Amazon Creates Potential Edge for Major CPG Brands

Amazon set the Internet aflutter when it announced its latest digital innovation the Dash Button. Major CPG companies like P&G, Clorox, Coca-Cola and Kraft are already on board with the e-commerce giant testing with Amazon Prime members. It is already being said that these in-home buttons could give big CPG players the 'leverage they've lacked in e-commerce.'

RIS Newsreports that the Dash Button is a finger-sized plastic button that is installed in the home via adhesive and allows users to reorder common household items by simply pressing it when supplies are running low. Each button corresponds to a unique product — over the washing machine a Tide button could be lying in wait for detergent levels to reach bottle shaking levels, while up in the kitchen the Kraft Macaroni and Cheese button can be stuck to the pantry door and pressed when the last box is cracked open.

Amazon Prime users are currently able to receive the Dash Buttons on an invite-only basis as the retailer tests the service before an anticipated wide-scale rollout. According to the new tech's landing page the "Dash Button is simple to set up. Use the Amazon app on your smartphone to easily connect to your home WiFi network and select the product you want to reorder with Dash Button. Once connected, a single press automatically places your order. Amazon sends an order alert to your phone, so it's easy to cancel if you change your mind. Unless you elect otherwise, Dash Button responds only to your first press until your order is delivered."

In anticipation of a successful launch Amazon has already announced Dash Replenishment Service (DRS) and is inviting product manufacturers to begin implementing the Dash concept into their designs. Manufactures can build a physical button into their device or measure consumable usage that automatically triggers a reorder when supply levels are low. Top manufacturer's including Britta, Whirlpool and Brother have already signed on the DRS and will be among the first to implement DRS when in launches this fall.

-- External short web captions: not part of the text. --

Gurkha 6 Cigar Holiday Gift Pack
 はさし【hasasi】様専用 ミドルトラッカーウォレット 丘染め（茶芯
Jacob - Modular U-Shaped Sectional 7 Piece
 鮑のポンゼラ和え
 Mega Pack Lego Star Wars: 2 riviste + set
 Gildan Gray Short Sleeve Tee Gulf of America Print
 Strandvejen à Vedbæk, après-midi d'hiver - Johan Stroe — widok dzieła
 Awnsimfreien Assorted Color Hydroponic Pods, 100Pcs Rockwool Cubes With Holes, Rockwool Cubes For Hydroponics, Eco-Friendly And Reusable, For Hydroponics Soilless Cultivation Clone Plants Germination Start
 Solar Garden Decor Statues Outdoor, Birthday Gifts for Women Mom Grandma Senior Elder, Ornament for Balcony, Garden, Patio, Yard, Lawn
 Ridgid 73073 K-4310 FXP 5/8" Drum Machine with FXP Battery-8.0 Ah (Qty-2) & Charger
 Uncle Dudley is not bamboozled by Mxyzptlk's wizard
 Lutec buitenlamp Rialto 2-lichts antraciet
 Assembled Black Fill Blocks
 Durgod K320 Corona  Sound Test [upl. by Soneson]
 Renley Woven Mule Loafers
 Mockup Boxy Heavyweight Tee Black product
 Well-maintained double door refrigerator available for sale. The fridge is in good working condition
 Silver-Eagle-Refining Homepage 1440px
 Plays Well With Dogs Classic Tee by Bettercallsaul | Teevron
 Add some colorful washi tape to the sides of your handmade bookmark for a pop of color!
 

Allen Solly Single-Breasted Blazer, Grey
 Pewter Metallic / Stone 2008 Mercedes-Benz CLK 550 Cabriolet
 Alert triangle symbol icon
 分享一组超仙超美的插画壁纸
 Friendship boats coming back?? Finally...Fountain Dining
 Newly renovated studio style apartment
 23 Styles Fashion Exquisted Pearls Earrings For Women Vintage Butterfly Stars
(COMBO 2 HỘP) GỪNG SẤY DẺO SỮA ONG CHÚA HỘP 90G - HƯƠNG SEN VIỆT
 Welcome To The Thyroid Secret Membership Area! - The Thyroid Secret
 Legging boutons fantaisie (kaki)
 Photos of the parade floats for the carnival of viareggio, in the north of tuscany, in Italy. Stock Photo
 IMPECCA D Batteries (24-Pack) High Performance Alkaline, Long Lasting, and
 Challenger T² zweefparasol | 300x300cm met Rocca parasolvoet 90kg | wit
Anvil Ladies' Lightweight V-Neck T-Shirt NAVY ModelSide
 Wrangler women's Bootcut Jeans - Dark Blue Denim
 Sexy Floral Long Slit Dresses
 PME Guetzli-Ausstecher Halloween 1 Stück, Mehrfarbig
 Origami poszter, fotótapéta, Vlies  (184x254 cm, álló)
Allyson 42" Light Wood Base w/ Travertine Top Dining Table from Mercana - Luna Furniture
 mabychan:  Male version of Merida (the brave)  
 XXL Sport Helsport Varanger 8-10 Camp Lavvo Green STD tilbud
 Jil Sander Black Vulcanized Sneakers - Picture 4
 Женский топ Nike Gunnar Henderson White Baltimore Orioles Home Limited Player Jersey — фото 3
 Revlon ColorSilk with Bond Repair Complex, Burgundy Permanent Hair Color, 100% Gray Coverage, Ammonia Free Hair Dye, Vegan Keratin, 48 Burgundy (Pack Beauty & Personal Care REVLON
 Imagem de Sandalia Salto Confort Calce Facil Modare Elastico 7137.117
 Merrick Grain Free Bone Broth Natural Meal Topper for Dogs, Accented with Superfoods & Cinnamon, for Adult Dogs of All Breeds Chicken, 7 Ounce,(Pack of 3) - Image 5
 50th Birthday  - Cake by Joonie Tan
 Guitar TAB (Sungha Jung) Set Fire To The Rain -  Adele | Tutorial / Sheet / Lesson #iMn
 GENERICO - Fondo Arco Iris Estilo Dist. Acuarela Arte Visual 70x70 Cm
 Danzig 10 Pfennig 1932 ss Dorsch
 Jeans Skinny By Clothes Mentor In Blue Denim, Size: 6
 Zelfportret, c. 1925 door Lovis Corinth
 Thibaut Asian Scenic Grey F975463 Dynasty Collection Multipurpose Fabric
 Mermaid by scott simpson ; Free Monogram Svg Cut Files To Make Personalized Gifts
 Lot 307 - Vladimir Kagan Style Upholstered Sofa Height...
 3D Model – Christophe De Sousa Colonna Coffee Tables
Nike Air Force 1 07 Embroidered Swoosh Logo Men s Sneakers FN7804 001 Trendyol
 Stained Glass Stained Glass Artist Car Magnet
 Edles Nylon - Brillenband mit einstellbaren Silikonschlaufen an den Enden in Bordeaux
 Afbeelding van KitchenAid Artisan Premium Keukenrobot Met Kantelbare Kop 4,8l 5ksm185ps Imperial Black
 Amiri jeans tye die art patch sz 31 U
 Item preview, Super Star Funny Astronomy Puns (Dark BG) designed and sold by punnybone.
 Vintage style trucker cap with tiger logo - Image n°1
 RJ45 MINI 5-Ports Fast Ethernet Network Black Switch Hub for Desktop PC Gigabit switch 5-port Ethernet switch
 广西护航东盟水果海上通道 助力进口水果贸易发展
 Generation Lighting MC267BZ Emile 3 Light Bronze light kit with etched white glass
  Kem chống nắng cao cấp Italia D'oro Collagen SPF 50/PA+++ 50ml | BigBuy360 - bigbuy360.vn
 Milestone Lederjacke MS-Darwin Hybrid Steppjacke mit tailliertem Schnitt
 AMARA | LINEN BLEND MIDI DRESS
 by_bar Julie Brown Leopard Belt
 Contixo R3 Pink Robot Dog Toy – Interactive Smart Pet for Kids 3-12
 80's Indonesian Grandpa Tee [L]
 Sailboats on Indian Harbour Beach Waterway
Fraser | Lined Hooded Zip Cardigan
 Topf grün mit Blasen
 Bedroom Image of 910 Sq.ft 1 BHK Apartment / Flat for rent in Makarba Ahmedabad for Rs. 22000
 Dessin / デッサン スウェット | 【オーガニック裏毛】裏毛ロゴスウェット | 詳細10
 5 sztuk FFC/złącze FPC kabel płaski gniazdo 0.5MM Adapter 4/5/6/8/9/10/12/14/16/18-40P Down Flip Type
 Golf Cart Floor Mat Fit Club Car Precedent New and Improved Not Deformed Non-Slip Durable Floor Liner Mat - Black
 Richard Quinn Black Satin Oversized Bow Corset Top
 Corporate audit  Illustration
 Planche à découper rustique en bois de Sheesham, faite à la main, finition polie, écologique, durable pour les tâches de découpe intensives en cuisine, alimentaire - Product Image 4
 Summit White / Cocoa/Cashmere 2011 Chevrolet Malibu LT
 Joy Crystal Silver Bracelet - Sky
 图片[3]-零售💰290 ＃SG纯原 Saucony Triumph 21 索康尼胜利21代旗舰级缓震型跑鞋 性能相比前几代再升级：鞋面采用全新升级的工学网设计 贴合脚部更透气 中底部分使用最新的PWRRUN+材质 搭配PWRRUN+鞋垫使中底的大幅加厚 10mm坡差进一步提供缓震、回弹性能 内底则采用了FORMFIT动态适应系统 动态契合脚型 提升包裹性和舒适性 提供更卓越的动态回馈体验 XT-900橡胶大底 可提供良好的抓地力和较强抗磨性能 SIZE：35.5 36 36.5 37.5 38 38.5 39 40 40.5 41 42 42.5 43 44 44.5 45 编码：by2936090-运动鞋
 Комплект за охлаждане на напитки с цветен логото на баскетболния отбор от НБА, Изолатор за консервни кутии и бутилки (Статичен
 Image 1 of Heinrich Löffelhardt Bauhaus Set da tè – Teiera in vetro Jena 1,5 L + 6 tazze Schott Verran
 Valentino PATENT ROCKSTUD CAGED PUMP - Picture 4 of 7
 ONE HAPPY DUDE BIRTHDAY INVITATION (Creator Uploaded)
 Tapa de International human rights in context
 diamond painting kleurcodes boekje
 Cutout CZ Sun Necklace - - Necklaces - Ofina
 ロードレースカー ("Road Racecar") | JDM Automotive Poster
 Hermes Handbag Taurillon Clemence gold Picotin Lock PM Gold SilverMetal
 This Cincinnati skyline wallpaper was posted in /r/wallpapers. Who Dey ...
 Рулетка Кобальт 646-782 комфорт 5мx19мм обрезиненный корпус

According to AdAge, Amazon hasn't said exactly how the model would work, but Dash could easily become a conduit for trade-promotion funds as brands bid for buttons, which would be like miniature end-caps in millions of homes.

"One of the key barriers for many consumers to participate in subscription models is the need to predict your usage," said a K-C spokesman. By participating in Dash, he said, "we are able to offer consumers greater control on when their next order of Cottonelle or Huggies will ship."